De novo protein design – From novel backbone construction to fully designed sequences

View all posters

Michael Doran

United Kingdom

Proteins are attractive candidates for synthetic component, but the relatively limited range of structural diversity available in nature (compared to the possible range of structures) may lead to restrictions in designing new functions and interactions. From a topological point of view, the space of possible structures is vastly larger than the space which has apparently been used by nature, with predictions of the number of possible folds based on known structures converging on a number of about 2-3,000. By contrast, the number of possible folds — even given a restricted number of secondary structural elements — is larger by several orders of magnitude, providing many possibilities for combinations of functional sites and interaction surfaces.
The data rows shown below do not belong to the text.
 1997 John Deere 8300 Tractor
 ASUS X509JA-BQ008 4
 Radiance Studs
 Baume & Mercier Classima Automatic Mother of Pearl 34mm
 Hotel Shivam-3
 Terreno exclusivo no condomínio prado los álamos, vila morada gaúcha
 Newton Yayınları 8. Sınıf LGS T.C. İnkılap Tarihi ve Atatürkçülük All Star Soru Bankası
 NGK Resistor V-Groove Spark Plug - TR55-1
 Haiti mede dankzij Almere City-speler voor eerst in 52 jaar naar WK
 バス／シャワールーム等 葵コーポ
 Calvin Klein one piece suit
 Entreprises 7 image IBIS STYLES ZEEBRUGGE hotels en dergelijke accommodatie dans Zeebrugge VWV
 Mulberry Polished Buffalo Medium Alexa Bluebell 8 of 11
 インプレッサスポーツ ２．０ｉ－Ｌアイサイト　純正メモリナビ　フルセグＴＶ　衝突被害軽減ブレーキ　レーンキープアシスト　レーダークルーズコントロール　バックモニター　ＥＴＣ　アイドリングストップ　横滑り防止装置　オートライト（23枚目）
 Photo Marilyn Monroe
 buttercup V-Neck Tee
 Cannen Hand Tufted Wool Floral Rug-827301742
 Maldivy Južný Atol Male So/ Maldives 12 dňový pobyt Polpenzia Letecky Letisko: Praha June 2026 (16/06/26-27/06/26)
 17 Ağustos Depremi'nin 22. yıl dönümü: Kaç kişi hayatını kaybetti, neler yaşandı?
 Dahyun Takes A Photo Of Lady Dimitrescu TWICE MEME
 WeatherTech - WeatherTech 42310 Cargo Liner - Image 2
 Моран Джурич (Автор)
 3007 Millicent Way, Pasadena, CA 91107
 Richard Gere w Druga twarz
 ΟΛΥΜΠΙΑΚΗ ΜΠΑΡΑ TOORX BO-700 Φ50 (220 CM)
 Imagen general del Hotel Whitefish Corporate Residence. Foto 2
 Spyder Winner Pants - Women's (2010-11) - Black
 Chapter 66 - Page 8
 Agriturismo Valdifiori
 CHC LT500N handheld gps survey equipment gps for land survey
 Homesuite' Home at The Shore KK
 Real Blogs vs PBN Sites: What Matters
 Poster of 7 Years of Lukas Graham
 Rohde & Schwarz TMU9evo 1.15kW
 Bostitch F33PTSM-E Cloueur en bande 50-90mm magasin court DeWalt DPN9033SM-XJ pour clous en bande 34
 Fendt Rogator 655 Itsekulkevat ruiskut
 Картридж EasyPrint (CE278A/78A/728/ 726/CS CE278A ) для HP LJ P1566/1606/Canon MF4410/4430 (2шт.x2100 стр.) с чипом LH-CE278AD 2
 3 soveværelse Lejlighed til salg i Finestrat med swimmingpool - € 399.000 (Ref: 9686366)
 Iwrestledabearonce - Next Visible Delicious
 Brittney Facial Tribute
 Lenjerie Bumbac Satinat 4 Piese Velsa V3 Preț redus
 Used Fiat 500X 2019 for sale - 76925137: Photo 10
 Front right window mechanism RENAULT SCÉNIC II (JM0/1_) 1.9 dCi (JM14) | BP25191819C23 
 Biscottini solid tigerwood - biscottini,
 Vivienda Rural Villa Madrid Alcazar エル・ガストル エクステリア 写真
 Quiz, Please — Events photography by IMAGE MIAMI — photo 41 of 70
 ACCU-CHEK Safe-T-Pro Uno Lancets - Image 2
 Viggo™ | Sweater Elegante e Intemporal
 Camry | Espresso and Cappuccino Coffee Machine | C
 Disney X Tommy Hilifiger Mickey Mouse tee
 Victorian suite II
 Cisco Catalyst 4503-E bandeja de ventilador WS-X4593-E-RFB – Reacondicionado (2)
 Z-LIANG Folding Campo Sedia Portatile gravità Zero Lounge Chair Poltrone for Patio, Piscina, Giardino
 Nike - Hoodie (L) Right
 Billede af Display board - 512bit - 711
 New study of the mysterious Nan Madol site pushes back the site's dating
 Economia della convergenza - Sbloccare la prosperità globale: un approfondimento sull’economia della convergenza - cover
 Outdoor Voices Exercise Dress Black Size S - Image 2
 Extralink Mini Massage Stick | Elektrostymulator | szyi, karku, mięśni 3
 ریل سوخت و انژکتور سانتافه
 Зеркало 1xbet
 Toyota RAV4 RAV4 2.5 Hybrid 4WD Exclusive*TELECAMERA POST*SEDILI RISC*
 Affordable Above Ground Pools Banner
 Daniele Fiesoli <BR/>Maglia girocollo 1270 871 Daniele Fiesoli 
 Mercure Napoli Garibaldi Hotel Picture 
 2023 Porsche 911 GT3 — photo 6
The periodic table of protein structures offers, uniquely in present descriptions of fold space, a means to describe many of these possible structures on the topological level. We propose a pipeline for taking these abstract structural descriptions all the way to full-atom models with amino acid sequences, starting with rough alpha-carbon only models and progressing through several stages of high-resolution refinement, sequence design and filtering according to known principles of protein structure, coarse-grained and high-resolution knowledge-based potentials and secondary/tertiary structure prediction methods. The resulting sequences are tested using a medium-throughput expression pipeline and analyzed using 2D NMR HSQC spectra, following which soluble folded proteins can be taken forward for full structural characterization.